◆ Dataset extract
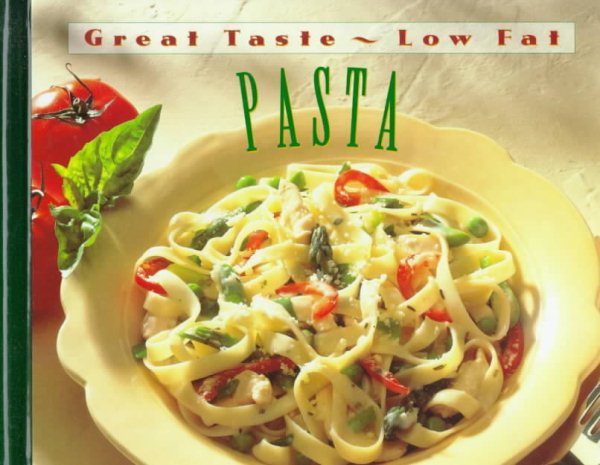 Pasta (Great Taste, Low Fat) cover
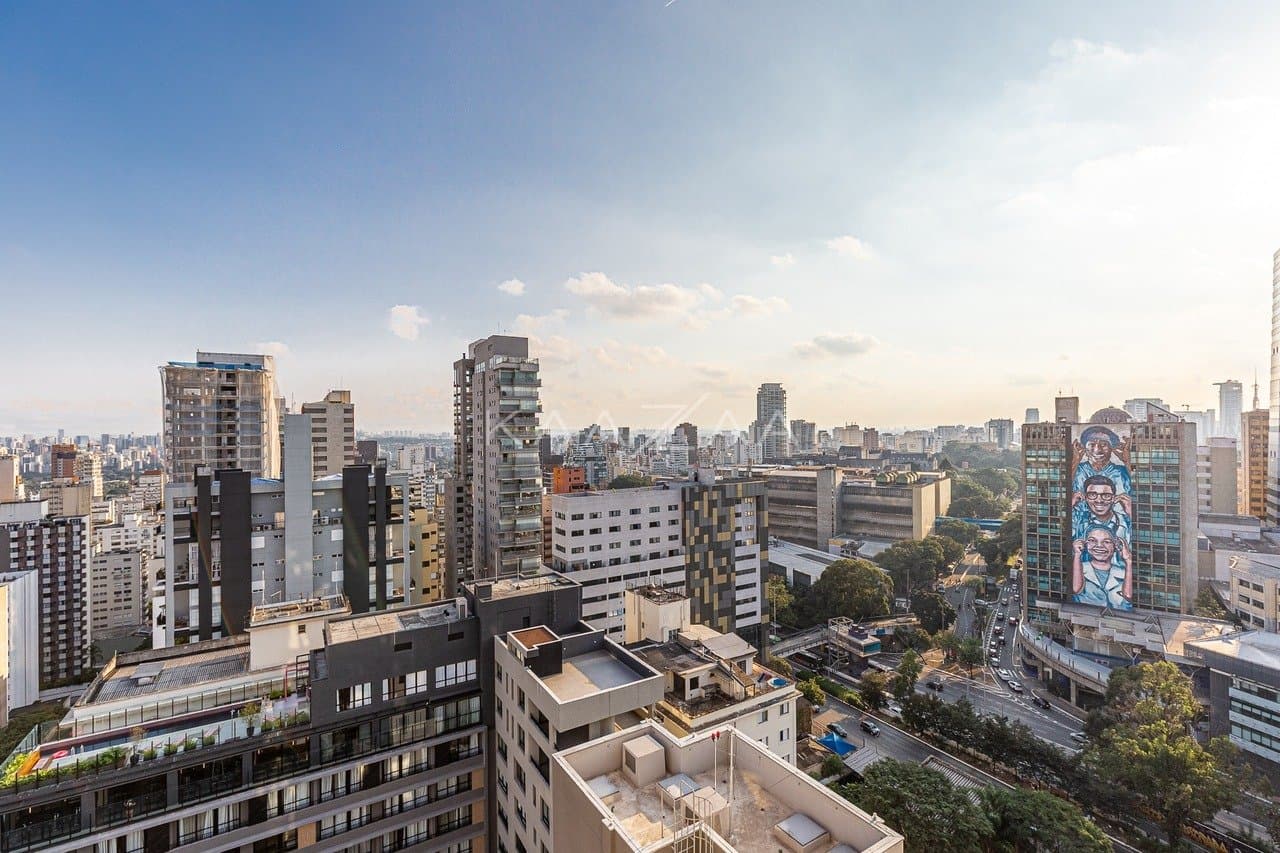 Apartamento à venda no Jardins - Foto 36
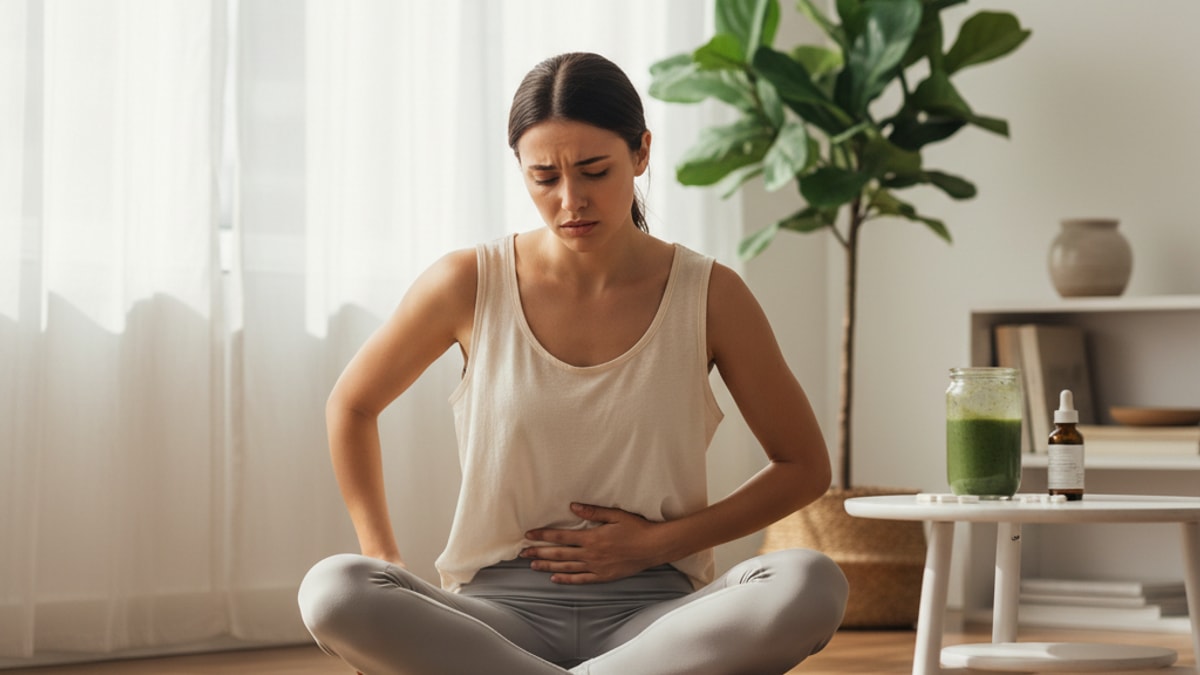 Blog Post: what happens if you take too much bpc 157 - Professional illustration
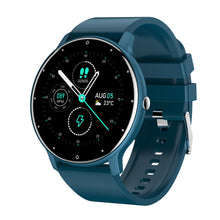 Load image into Gallery viewer, Full Touch Screen Sport Fitness Watch IP67 Waterproof Smartwatch For Android Xiaomi Samsung Redmi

◆ Task goal
Write out the material above once more, word for word. Images stay out.

◆ Response area
 Pasta (Great Taste, Low Fat) cover
 Apartamento à venda no Jardins - Foto 36
 Blog Post: what happens if you take too much bpc 157 - Professional illustration
 Load image into Gallery viewer, Full Touch Screen Sport Fitness Watch IP67 Waterproof Smartwatch For Android Xiaomi Samsung Redmi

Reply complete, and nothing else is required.